Provided data →
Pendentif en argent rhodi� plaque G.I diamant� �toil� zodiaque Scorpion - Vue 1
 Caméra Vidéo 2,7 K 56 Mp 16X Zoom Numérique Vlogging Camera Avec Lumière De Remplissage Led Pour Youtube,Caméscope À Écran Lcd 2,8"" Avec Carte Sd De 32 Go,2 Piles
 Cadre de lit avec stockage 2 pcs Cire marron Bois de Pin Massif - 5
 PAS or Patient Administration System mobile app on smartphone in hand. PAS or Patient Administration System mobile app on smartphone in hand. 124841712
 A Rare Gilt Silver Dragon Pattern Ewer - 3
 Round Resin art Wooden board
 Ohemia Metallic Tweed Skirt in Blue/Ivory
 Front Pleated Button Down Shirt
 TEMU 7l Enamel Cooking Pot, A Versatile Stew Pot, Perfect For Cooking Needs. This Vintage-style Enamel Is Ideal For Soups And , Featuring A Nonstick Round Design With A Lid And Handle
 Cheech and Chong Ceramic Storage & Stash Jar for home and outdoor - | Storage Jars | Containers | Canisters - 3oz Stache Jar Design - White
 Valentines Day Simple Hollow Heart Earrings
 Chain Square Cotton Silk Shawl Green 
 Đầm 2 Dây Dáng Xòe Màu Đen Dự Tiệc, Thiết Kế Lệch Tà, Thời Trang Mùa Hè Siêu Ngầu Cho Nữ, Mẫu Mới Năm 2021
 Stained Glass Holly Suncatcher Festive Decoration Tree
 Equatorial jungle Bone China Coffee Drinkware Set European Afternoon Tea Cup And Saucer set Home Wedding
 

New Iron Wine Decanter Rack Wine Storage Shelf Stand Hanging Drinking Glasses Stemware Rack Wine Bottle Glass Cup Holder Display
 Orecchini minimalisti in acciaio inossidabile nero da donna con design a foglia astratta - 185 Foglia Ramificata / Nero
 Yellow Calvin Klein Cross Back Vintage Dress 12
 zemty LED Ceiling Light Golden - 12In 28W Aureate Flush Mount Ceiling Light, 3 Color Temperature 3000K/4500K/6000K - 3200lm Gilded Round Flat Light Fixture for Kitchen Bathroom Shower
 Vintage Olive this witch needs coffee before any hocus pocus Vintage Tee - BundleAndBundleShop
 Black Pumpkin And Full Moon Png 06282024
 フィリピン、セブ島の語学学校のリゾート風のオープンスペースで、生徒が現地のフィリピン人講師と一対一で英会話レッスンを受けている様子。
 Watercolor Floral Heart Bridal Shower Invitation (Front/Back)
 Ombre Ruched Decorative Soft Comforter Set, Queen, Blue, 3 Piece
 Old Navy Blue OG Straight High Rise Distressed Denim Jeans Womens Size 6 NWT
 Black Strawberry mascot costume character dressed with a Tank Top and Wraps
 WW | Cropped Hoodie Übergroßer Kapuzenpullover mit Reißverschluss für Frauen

What you have to do →
Your answer should be the lines above, from the line containing "New Iron Wine" up to and including the line containing "Old Navy Blue", reproduced exactly and with nothing else.

Reply →
New Iron Wine Decanter Rack Wine Storage Shelf Stand Hanging Drinking Glasses Stemware Rack Wine Bottle Glass Cup Holder Display
 Orecchini minimalisti in acciaio inossidabile nero da donna con design a foglia astratta - 185 Foglia Ramificata / Nero
 Yellow Calvin Klein Cross Back Vintage Dress 12
 zemty LED Ceiling Light Golden - 12In 28W Aureate Flush Mount Ceiling Light, 3 Color Temperature 3000K/4500K/6000K - 3200lm Gilded Round Flat Light Fixture for Kitchen Bathroom Shower
 Vintage Olive this witch needs coffee before any hocus pocus Vintage Tee - BundleAndBundleShop
 Black Pumpkin And Full Moon Png 06282024
 フィリピン、セブ島の語学学校のリゾート風のオープンスペースで、生徒が現地のフィリピン人講師と一対一で英会話レッスンを受けている様子。
 Watercolor Floral Heart Bridal Shower Invitation (Front/Back)
 Ombre Ruched Decorative Soft Comforter Set, Queen, Blue, 3 Piece
 Old Navy Blue OG Straight High Rise Distressed Denim Jeans Womens Size 6 NWT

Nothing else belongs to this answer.